▼▼▼

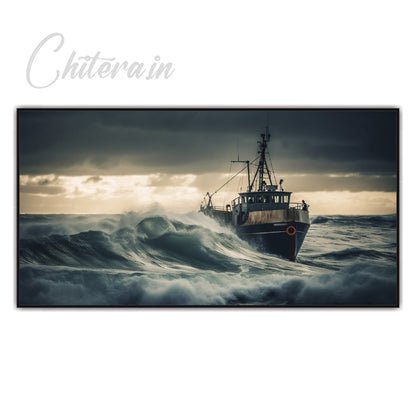 Boating view Canvas Print Wall Painting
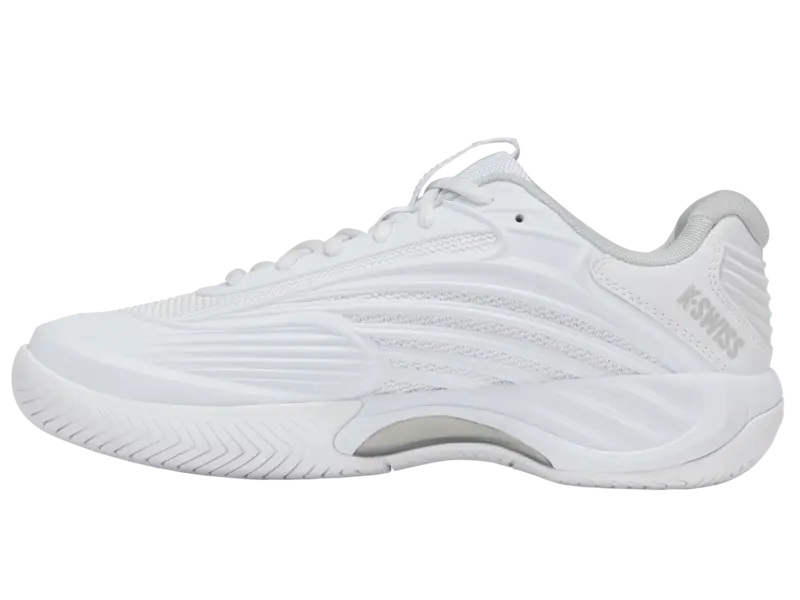 KSwiss Women's Tennis Shoes Hypercourt Express 3 - All Court - White/Dawn Blue/Silver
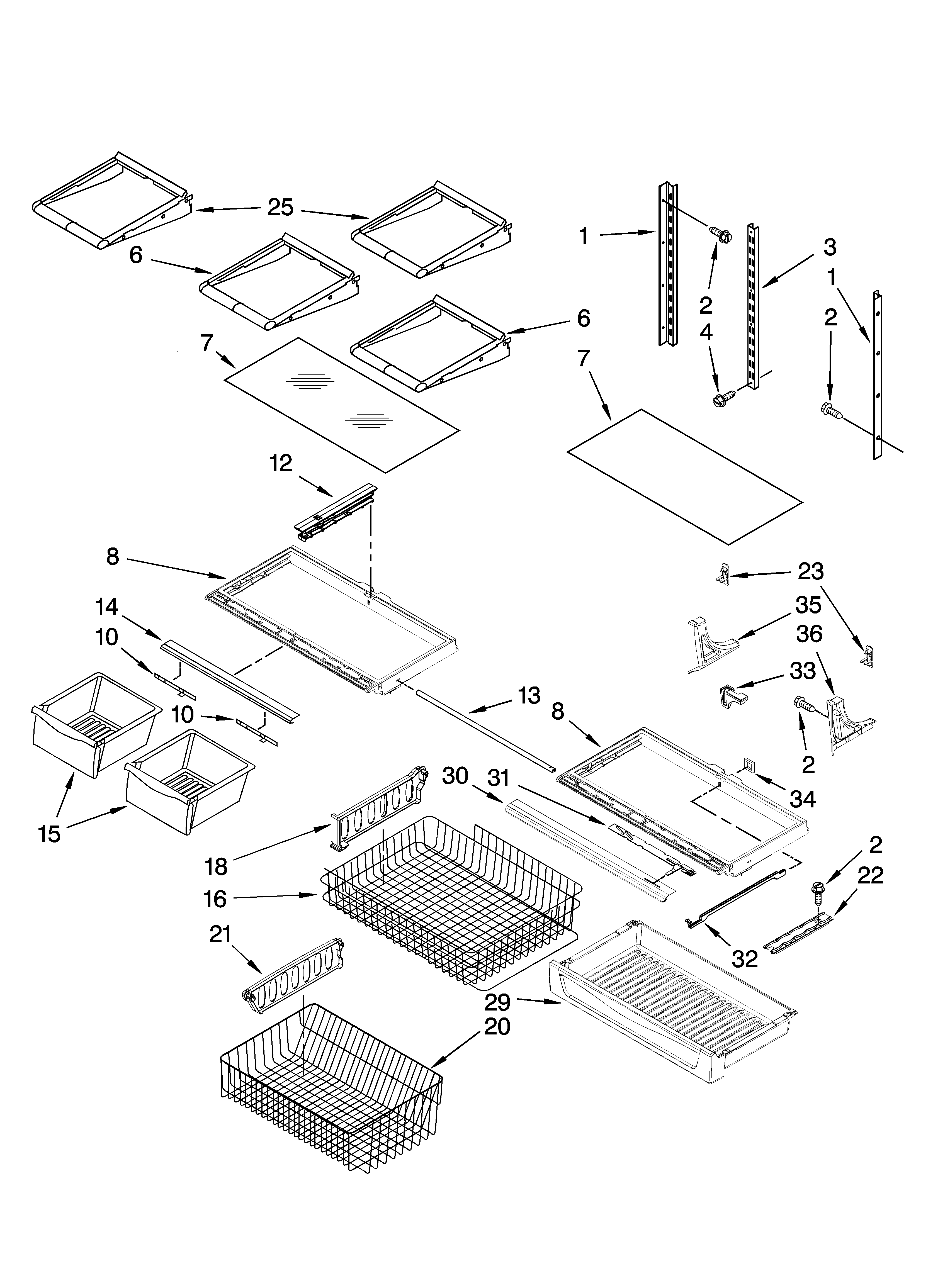 Amana ABB1927VEW1 shelf parts diagram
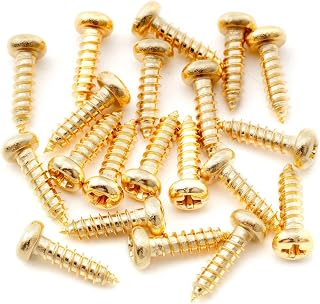 Ultra 20Pcs Gold 2.5x10mm Stainless Steel Pan Tuning Peg Screws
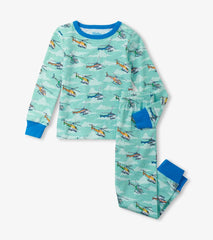 Hatley Sleepwear | Boys Boys Helicopters Pajama Set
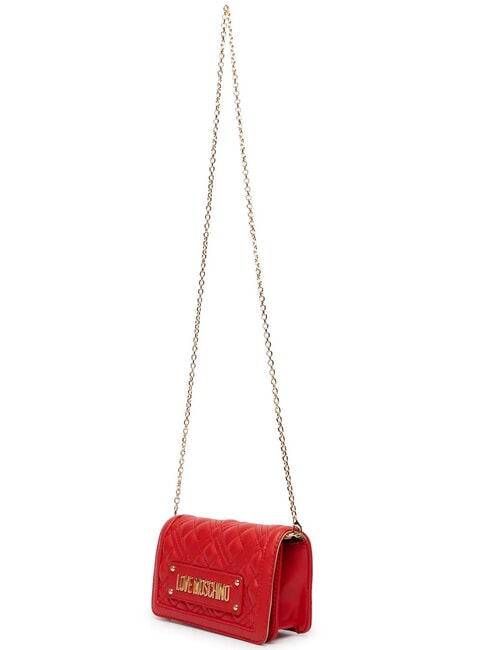 QUILTED Pochette / Portafoglio con tracolla ROSSO - Portafogli Donna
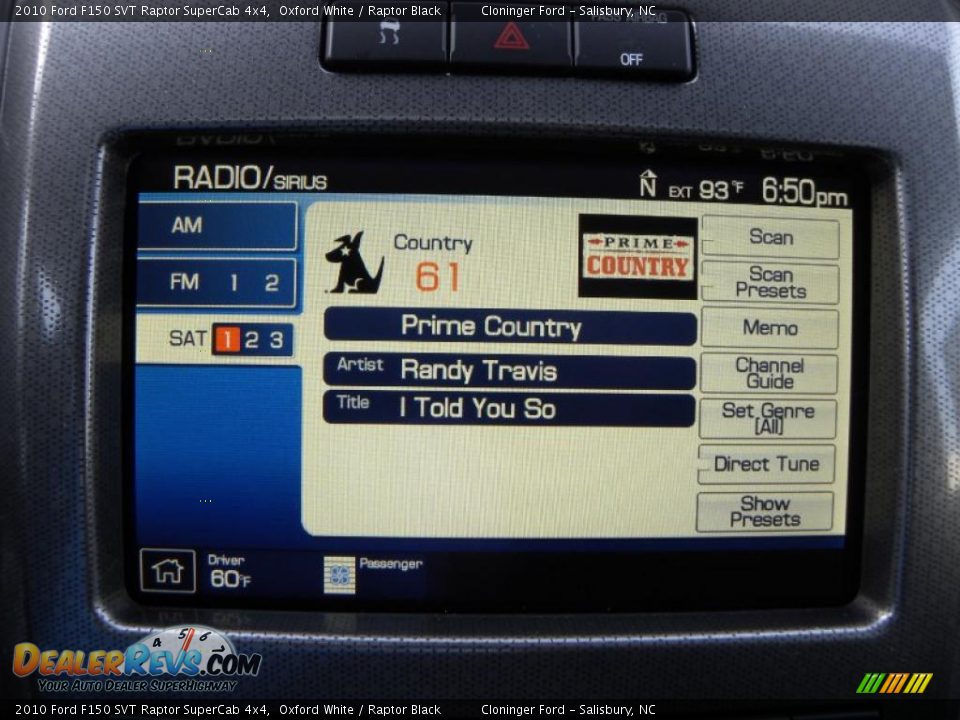 2010 Ford F150 SVT Raptor SuperCab 4x4 Oxford White / Raptor Black Photo #30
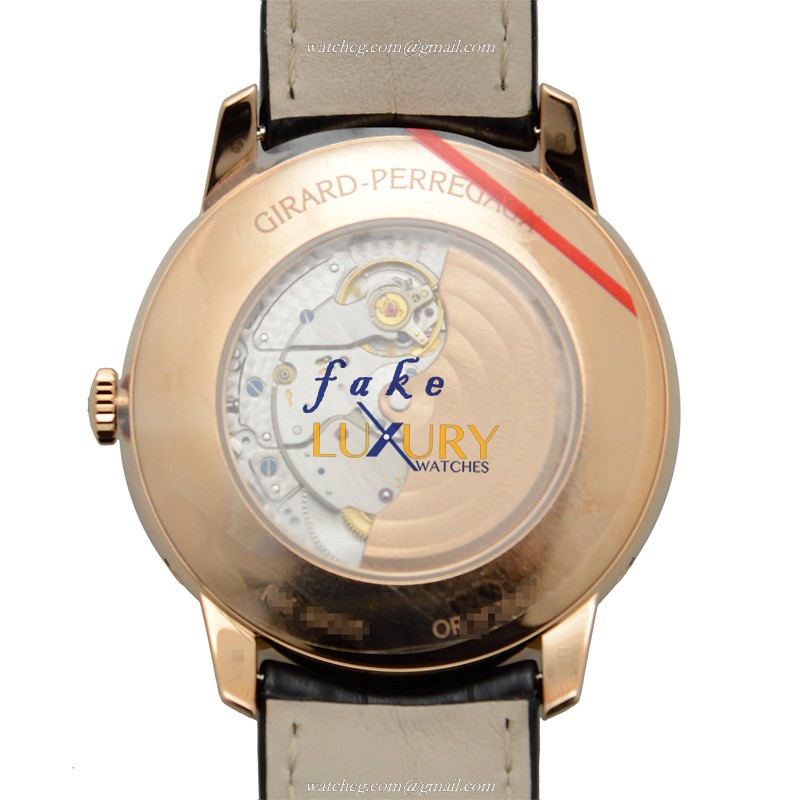 Girard Perregaux 1966 Replica Watch, 49535-52-151-BK6A, Automatic White Dial 18kt Rose Gold Case - Image 3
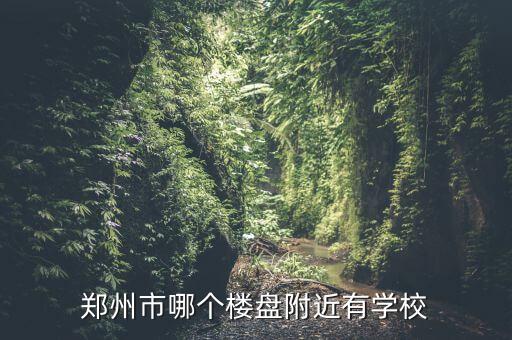 郑州市哪个楼盘附近有学校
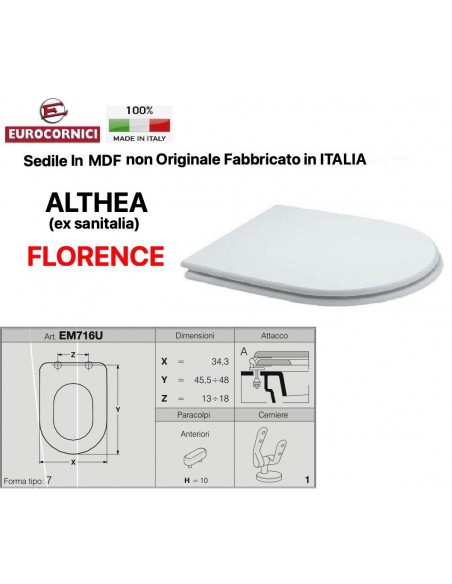 SEDILE PER WC ALTHEA FLORENCE EM716U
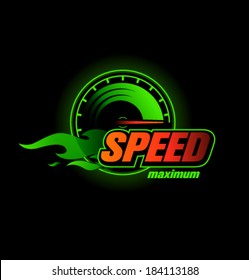 Vector speedometer max speed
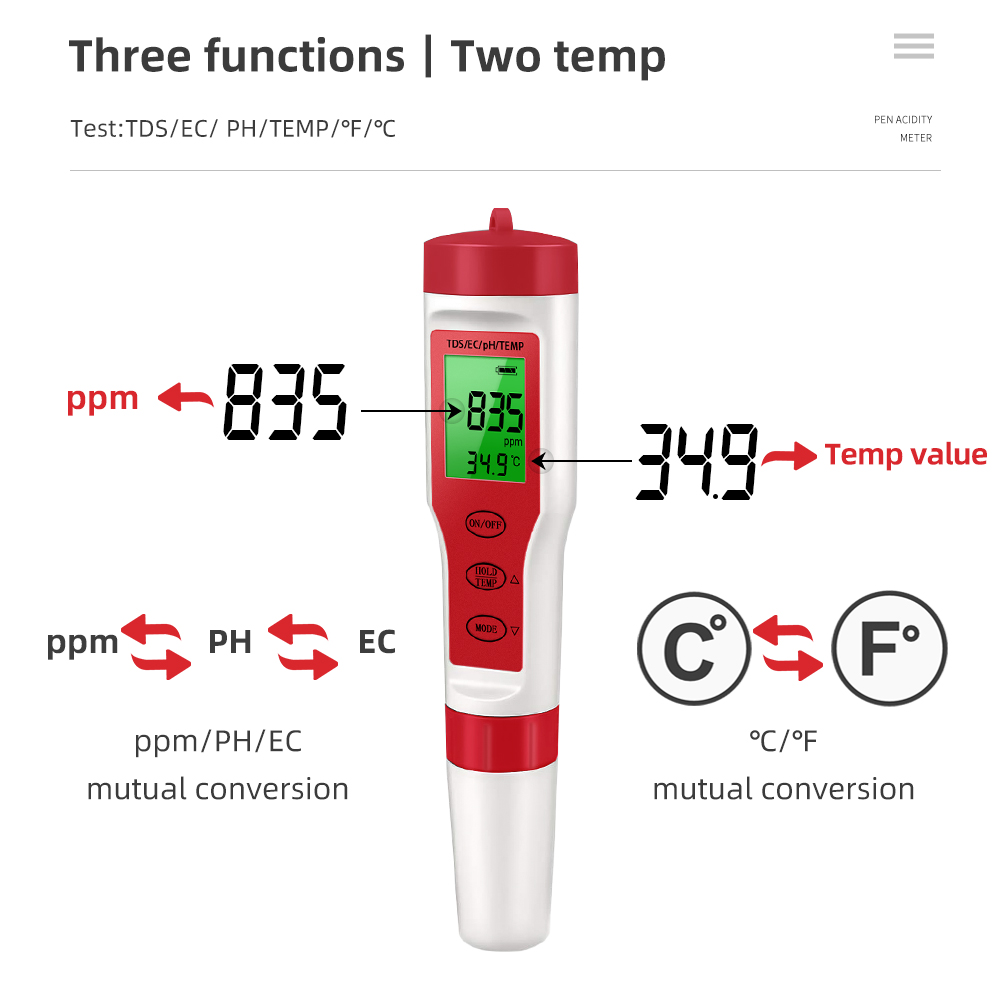 Digital Water Quality Monitor  - огляд і ціна Marine Aquarium Water Analyzer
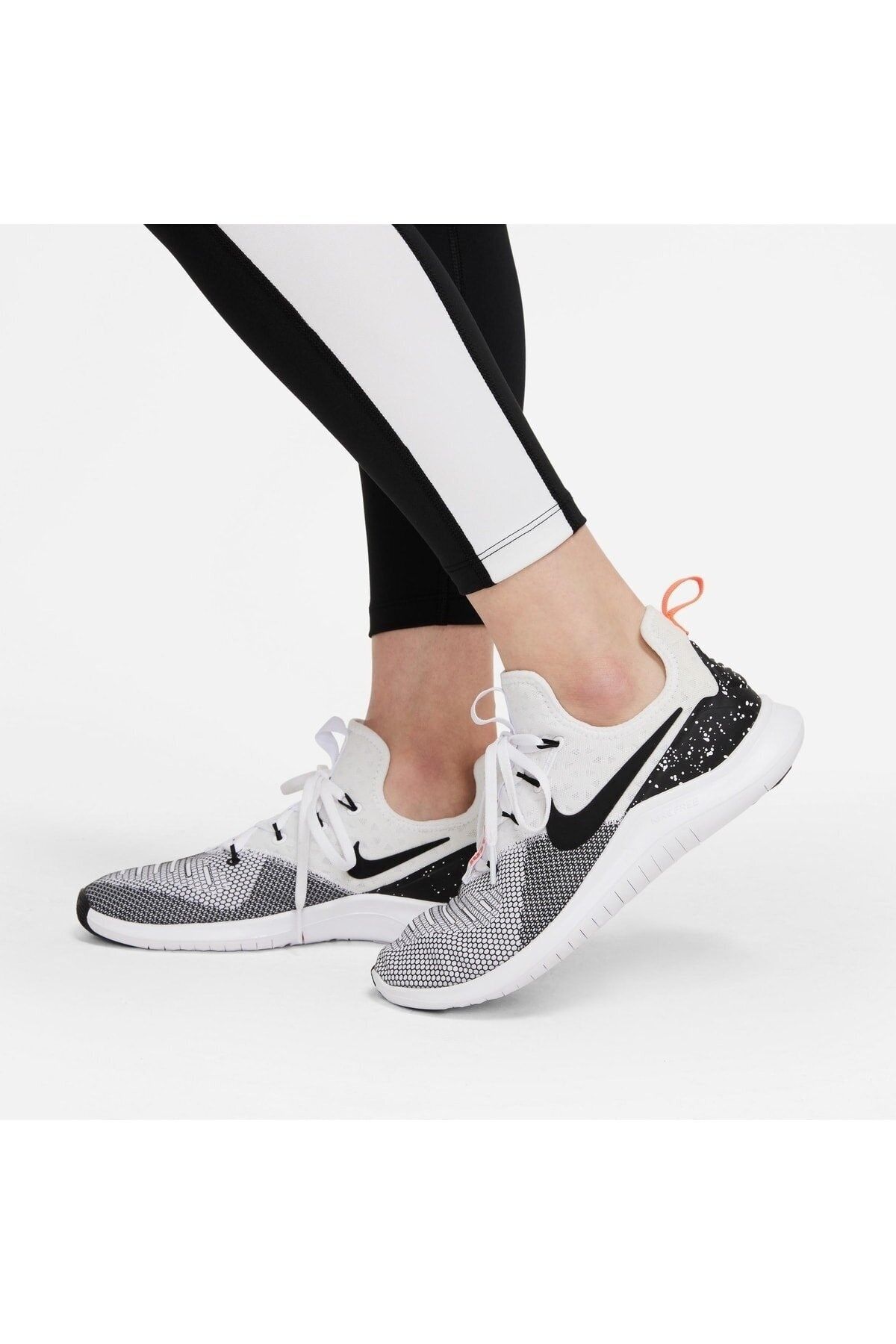Nike Dri-fit One Women's Regular Waist 7/8 Color Blocked Tights - Trendyol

▲▲▲

Once the line containing "Digital Water Quality" is found, copy it and each line after it through the end of the entries above exactly; nothing else, and no pictures.

 Digital Water Quality Monitor  - огляд і ціна Marine Aquarium Water Analyzer
Nike Dri-fit One Women's Regular Waist 7/8 Color Blocked Tights - Trendyol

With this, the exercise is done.